We decide what we respond to, and how. No one makes us do anything. Obviously, we need to stand up for ourselves. But there is a far cry from setting the record straight and diving headfirst into a whirlpool of chaos at its highest rotation point.
The act of owning one’s actions, or accountability, is one of the most pride-building, spirit-enhancing, character sculpting things that a human being can do. Which is precisely why Darkness hopes it can knock accountability out of fashion in lieu of Illusion. Accountability not only calls our spirit to task, but levels the playing field by removing any “leverage” someone wishing to emotionally control another may seek. When we are accountable for our end of a mishap, we not only honor the situation and the other person, but we honor ourselves, acknowledging to ourselves that we are capable of accepting a lesson learned.
Adults develop an ego surrounding “lessons” that we don’t possess as children. In fourth grade, if we mastered a lesson, we were proud of ourselves. If we were scolded by a parent and asked later, “Have you learned your lesson?” we would nod in earnest, and feel accomplishment as our parent smiled and said, “Good for you. Now go play.” And we’d be off playing, letting the emotionality of the event go, proud deep down that we made it through the lesson. In contrast, as adults, we become offended by the thought of learning a lesson, because how dare we be treated as the child by the Universe! But, um… gang? We are spiritual children. I mean, we are a really young race. Super young. Our idea of an “old soul” is barely out of seventh grade by most spiritual and Galactic standards. So perhaps we would be best served getting off of our high horses as “seventh grade adults” — and perceive mastering our lessons as we would have, in fourth grade? With excitement? With accomplishment? With pride? Rather than the resentful, why-does-god-hate-me approach that most adult humans take.

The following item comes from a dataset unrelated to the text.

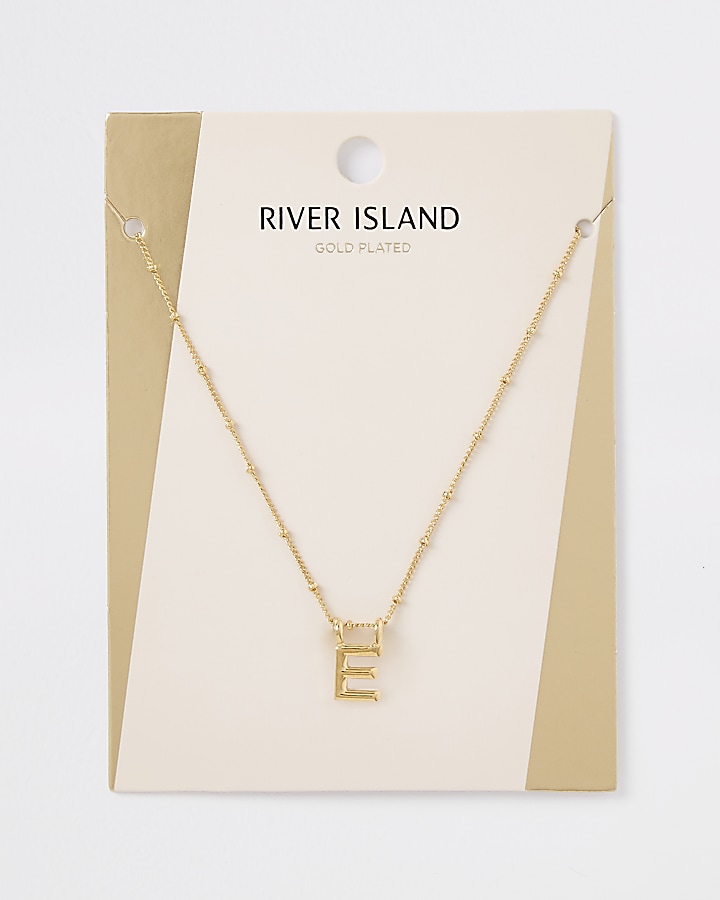 Gold plated ‘E’ initial necklace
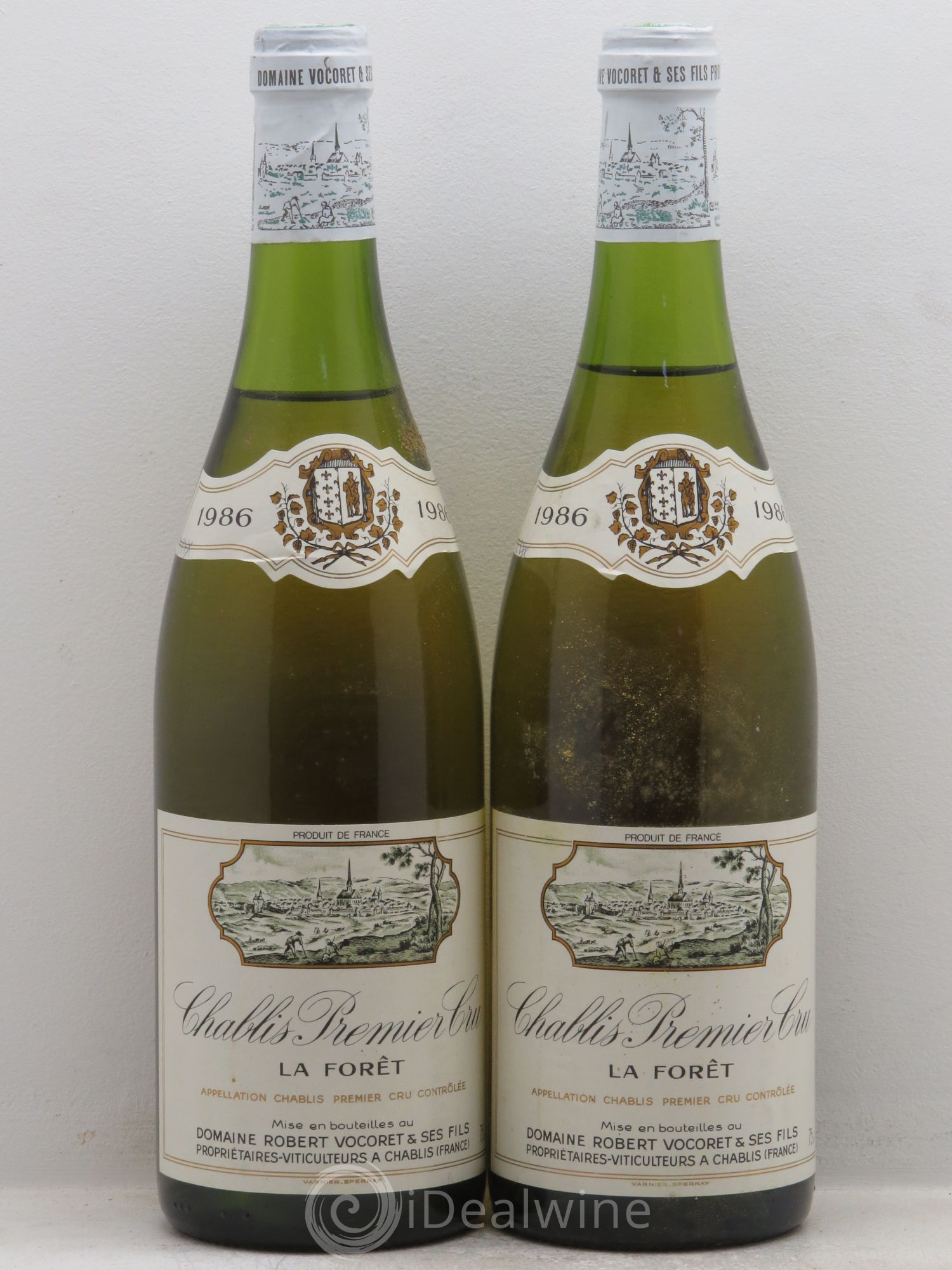 Chablis 1er Cru La Foret Robert Vocoret et fils 1986 - Posten von 2 Flaschen - 0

Accountability is about NOT owning what is not ours, as well. If we own everything, that’s codependence. However, the slippery slope is approached when, if we are being accountable, we then ruin the moment with: “BUT, you did this and this and this, too…” That’s not being accountable. That’s tattling. And it bugs. So just let that behavior rest in peace with your Farrah Fawcett Poster from 1975. If you can’t be accountable without pointing out everything everyone else did, that’s called JUSTIFICATION, not accountability. And that’s two clicks off of tossing someone right under the bus.
As a summary, here is a last minute safety checklist for riding with other passengers, or —
How to NOT lob someone under the bus:
1) Own your stuff.
2) Listen while others air grievances.
3) Acknowledge your part in the grievance without justifying your part.
4) Say you’re sorry. Sorry is not about who is right or wrong.
5) Mean it.
7) Carry on without “carrying on”.
We, as a species, are so capable. We are capable of great bridge building with healing through accountability, and we are capable of great destruction through illusion. Our design as Beings of Light supports learning lessons in order to excel. We are meant to excel when we grow. We are meant to grow when we change. We are meant to change, period. We must choose whether or not we have the courage to change through accountability, or whether we wish to learn our lessons while fighting through the rabbit warren of complications created by our own illusions. Either way, we learn.
I, however, prefer the learning process without the road rash.